If you’re still listening, Ottawa Senators fans, your owner has a message for you.
Eugene Melnyk wants you to know that things are going to change, that the future looks better than the grim picture Melnyk is responsible for painting.
Senators fans will remember that just a few months ago, it was the same Melnyk writing fans on Thursday that threatened to move the team if disaster struck.
This season for Ottawa has been nothing short of a disaster, but Melnyk was singing a different tune in a letter sent out to season ticket holders and fans on Thursday.
“When I came on board, the Ottawa Senators were in deep financial trouble,” Melnyk wrote. “Together, with your support, we brought this team back to life and we have had Canada’s most successful NHL on-ice performance over the past 15 years. Backed by Ottawa fans and the entire community, I have demonstrated my commitment to giving you the best possible team over and over again. Today, I am just as committed to the Ottawa Senators and to keeping them in the City of Ottawa, as I was in 2003.”
The letter is a lot of what you’d expect from an owner of a struggling team trying to make sure season ticket renewals go as smoothly as possible for a team stuck in 29th place in the NHL, just months removed from being a goal away from the Stanley Cup Finals.
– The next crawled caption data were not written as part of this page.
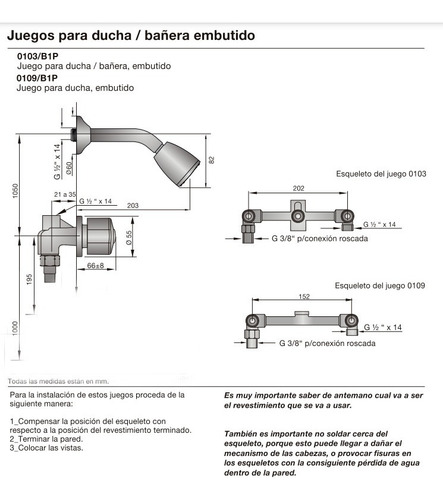 Imagen 4 de 5 de Griferia Ducha Fv Newport Con Transferencia 0103/b2p
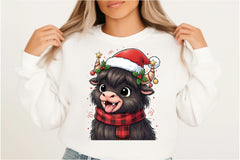 Christmas Buffalo Clipart Bundle - CraftNest - Digital Crafting and Art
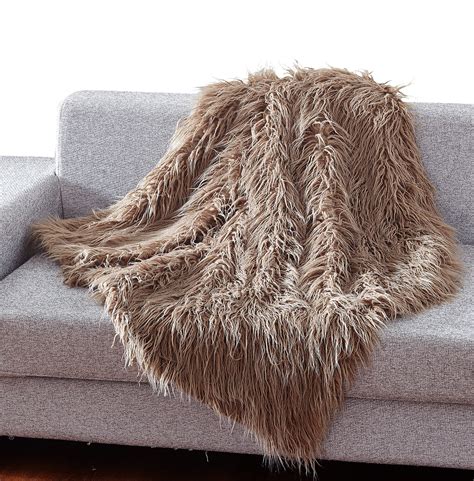 Himalayan Ultra Soft Heavy Faux Fur Throw Blanket 50 X 60 Shaggy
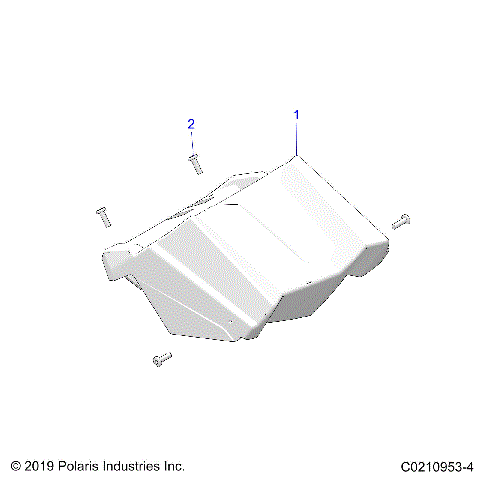 BODY, GAUGE POD - A24SGS95CT/S95FT/ET (C0210953-4)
Melnyk reminded fans that the team wasn’t far away from competing for hockey’s holy grail. He went into roster changes at the trade deadline, plans to improve the fan experience and getting the Senators back to winning ways.
“This has been a disappointing season for our team,” Melnyk said in the letter. “Our place in the standings speaks for itself. Trust me, no one is more aware of this — and more frustrated by it — than I am.”
Let’s remember, however, that Senators fans are willing to not only shell out their hard-earned money to watch the atrocity play out on the ice, they’re also willing to spend thousands to erect a billboard showing their immense frustration for Melnyk.
The letter’s biggest omission, however, is the lack of Erik Karlsson‘s name.
The team’s best player, one of the league’s top defenseman, and a player that’s been so horribly mismanaged by the club, to the horror of its fans, is nowhere to be found in Melnyk’s thoughts to his fans.
The little hope that Senators fans have left remaining is planted in Karlsson’s future. Melnyk failing to commit to repairing that relationship and trying to re-sign a player that is nothing short of a generational talent makes everything else seem superficial.
Time will tell if Melnyk can restore the Senators from being the league’s laughingstock.
But it’s hard not to imagine that fans wouldn’t have rather read a letter from Melnyk that apologized for the shambles it’s currently in; a letter that told the truth to fans, that he has failed the organization, its players, and its dedicated fanbase.
Ottawa deserves that, at the very least.